__PROBLEM DETAILS__. Repeat, line for line, the entries below from the first line to the line containing "NEW Rugged Military", counting both ends.

Short descriptive text snippets:
-------

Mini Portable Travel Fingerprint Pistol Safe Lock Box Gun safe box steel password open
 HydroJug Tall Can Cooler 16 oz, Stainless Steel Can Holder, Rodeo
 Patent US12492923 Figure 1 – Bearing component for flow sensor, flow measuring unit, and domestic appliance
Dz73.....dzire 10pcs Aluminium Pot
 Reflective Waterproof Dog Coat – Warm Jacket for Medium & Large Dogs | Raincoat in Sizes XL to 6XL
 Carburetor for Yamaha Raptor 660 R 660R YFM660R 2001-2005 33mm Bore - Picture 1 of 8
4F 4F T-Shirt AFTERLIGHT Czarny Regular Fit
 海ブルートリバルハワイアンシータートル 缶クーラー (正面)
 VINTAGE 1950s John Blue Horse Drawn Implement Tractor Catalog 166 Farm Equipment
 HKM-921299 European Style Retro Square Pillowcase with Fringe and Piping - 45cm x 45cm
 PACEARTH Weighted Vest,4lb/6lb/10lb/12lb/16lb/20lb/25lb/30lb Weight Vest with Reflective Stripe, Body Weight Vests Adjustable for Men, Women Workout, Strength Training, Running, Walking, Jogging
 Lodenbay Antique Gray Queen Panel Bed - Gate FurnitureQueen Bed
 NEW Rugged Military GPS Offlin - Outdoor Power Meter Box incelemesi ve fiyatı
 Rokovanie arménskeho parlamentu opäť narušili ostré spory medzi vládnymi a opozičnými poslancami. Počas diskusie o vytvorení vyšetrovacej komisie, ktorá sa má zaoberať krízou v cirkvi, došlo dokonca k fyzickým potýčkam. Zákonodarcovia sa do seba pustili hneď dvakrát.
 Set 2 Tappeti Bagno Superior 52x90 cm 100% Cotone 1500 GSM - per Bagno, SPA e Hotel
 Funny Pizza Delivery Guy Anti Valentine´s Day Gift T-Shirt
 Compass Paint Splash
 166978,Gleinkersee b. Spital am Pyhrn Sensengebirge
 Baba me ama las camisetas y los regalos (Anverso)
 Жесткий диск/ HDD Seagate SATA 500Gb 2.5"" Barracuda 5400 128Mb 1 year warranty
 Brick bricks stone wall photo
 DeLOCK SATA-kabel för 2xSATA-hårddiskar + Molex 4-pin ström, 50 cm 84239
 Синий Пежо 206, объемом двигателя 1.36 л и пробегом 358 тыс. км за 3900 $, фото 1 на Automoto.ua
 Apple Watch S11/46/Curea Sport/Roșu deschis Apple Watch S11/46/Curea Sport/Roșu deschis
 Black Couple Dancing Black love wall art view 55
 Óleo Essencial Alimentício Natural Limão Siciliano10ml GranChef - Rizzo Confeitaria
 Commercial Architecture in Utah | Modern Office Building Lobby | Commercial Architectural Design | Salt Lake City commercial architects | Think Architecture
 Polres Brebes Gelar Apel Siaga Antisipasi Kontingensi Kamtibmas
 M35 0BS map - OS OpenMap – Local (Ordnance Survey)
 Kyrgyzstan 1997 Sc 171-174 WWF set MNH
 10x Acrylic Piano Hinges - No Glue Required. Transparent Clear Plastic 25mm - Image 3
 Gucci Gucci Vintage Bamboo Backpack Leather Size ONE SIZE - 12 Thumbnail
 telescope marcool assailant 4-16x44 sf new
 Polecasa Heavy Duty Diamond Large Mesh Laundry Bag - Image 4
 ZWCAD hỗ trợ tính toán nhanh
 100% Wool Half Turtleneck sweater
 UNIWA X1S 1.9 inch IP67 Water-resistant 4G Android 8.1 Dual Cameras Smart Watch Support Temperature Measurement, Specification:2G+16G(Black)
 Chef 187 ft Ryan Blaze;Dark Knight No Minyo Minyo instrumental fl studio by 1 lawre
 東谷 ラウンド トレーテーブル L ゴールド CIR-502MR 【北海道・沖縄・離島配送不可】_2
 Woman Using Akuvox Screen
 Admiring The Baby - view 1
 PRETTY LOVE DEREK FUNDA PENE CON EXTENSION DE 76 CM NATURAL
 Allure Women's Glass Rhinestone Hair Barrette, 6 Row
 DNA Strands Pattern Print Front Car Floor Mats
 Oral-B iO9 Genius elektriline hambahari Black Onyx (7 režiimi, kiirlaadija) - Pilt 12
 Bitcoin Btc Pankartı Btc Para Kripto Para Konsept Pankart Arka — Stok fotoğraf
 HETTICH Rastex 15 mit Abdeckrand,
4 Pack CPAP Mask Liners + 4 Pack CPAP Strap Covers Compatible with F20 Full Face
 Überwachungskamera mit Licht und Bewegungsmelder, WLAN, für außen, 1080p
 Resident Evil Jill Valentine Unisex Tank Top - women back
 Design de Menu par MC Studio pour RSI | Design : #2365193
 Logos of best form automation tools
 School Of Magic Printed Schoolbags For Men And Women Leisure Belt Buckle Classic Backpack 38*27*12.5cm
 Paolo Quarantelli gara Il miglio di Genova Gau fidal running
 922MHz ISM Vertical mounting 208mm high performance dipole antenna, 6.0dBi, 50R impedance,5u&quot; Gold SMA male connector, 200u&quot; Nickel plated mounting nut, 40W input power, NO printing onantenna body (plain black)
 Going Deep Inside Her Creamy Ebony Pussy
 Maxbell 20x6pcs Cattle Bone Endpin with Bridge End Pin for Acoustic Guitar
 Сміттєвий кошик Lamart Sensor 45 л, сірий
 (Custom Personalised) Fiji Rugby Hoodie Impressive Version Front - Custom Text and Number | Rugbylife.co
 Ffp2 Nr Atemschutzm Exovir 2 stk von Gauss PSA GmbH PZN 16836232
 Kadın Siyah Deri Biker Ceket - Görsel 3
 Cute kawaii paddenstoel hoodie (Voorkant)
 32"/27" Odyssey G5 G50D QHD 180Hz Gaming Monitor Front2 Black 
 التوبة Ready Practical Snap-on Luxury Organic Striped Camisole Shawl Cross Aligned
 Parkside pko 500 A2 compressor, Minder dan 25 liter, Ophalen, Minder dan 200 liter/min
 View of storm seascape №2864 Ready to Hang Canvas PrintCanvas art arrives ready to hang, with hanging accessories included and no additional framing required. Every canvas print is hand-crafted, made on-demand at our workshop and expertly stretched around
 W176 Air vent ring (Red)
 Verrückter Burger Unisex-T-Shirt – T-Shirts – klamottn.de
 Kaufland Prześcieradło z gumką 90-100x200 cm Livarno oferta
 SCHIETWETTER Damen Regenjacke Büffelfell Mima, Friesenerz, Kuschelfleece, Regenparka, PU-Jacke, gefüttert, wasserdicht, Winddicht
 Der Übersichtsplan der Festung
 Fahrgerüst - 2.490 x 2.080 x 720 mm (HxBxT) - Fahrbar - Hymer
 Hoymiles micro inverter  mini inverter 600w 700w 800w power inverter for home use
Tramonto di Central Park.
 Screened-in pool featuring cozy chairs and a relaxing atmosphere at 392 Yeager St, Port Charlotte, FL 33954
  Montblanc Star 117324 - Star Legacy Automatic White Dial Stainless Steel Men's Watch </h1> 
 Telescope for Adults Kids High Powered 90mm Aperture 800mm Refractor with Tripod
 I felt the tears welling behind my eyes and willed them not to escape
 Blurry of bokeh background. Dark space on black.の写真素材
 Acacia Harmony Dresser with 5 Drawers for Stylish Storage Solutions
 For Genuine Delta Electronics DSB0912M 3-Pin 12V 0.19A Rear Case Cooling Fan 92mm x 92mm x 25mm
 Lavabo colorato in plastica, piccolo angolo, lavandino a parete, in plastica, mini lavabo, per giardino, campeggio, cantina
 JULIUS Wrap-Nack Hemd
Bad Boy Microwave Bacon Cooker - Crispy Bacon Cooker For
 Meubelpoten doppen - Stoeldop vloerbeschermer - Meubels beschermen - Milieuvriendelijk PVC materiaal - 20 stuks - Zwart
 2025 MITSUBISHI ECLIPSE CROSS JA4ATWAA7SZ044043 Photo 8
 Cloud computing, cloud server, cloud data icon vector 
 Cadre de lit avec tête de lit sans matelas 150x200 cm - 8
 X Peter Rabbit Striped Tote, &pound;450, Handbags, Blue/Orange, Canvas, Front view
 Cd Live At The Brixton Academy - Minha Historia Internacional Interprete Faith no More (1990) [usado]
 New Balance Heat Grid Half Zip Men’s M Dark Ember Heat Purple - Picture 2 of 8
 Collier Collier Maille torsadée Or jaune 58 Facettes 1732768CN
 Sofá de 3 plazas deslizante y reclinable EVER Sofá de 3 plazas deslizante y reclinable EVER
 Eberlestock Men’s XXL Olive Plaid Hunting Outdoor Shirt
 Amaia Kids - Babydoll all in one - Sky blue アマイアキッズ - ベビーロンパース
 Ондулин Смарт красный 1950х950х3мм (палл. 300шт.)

-------

__ANSWER AREA__.
Mini Portable Travel Fingerprint Pistol Safe Lock Box Gun safe box steel password open
 HydroJug Tall Can Cooler 16 oz, Stainless Steel Can Holder, Rodeo
 Patent US12492923 Figure 1 – Bearing component for flow sensor, flow measuring unit, and domestic appliance
Dz73.....dzire 10pcs Aluminium Pot
 Reflective Waterproof Dog Coat – Warm Jacket for Medium & Large Dogs | Raincoat in Sizes XL to 6XL
 Carburetor for Yamaha Raptor 660 R 660R YFM660R 2001-2005 33mm Bore - Picture 1 of 8
4F 4F T-Shirt AFTERLIGHT Czarny Regular Fit
 海ブルートリバルハワイアンシータートル 缶クーラー (正面)
 VINTAGE 1950s John Blue Horse Drawn Implement Tractor Catalog 166 Farm Equipment
 HKM-921299 European Style Retro Square Pillowcase with Fringe and Piping - 45cm x 45cm
 PACEARTH Weighted Vest,4lb/6lb/10lb/12lb/16lb/20lb/25lb/30lb Weight Vest with Reflective Stripe, Body Weight Vests Adjustable for Men, Women Workout, Strength Training, Running, Walking, Jogging
 Lodenbay Antique Gray Queen Panel Bed - Gate FurnitureQueen Bed
 NEW Rugged Military GPS Offlin - Outdoor Power Meter Box incelemesi ve fiyatı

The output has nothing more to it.